**Activity**
In the material below, find the line with "Used 2024 MANUFAKTUR" and the line with "Used Wuling Bingo", then output those two lines and every line between them, exactly.
┌─ Exercise input
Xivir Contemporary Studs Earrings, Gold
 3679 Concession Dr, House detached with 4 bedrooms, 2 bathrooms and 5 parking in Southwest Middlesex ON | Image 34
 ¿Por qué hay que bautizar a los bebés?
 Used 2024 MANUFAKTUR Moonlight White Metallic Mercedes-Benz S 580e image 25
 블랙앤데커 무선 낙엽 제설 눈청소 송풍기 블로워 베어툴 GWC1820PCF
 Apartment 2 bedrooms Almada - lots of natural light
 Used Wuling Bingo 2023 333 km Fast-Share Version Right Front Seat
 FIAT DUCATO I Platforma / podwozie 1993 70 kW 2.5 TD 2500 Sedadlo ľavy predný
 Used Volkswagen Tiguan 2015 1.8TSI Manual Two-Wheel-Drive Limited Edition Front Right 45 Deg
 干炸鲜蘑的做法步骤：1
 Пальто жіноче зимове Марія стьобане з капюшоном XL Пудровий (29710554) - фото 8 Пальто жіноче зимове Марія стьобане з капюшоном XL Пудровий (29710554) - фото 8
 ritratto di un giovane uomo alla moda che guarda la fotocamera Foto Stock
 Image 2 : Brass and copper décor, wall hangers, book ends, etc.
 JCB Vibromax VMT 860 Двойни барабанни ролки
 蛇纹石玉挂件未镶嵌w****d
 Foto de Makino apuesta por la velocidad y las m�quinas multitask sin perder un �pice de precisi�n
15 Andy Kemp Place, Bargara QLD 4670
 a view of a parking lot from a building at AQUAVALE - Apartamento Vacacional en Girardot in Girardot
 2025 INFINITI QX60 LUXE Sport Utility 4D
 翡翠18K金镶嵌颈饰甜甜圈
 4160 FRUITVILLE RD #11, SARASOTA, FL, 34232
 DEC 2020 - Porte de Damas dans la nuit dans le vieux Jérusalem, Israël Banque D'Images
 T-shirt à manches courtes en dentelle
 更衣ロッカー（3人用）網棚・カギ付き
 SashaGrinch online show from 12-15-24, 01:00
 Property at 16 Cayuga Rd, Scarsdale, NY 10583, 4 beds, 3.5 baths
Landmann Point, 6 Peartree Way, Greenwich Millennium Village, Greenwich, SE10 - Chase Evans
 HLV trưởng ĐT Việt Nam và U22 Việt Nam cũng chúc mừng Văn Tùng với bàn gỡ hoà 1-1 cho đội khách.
└─
**Output of the task**
 Used 2024 MANUFAKTUR Moonlight White Metallic Mercedes-Benz S 580e image 25
 블랙앤데커 무선 낙엽 제설 눈청소 송풍기 블로워 베어툴 GWC1820PCF
 Apartment 2 bedrooms Almada - lots of natural light
 Used Wuling Bingo 2023 333 km Fast-Share Version Right Front Seat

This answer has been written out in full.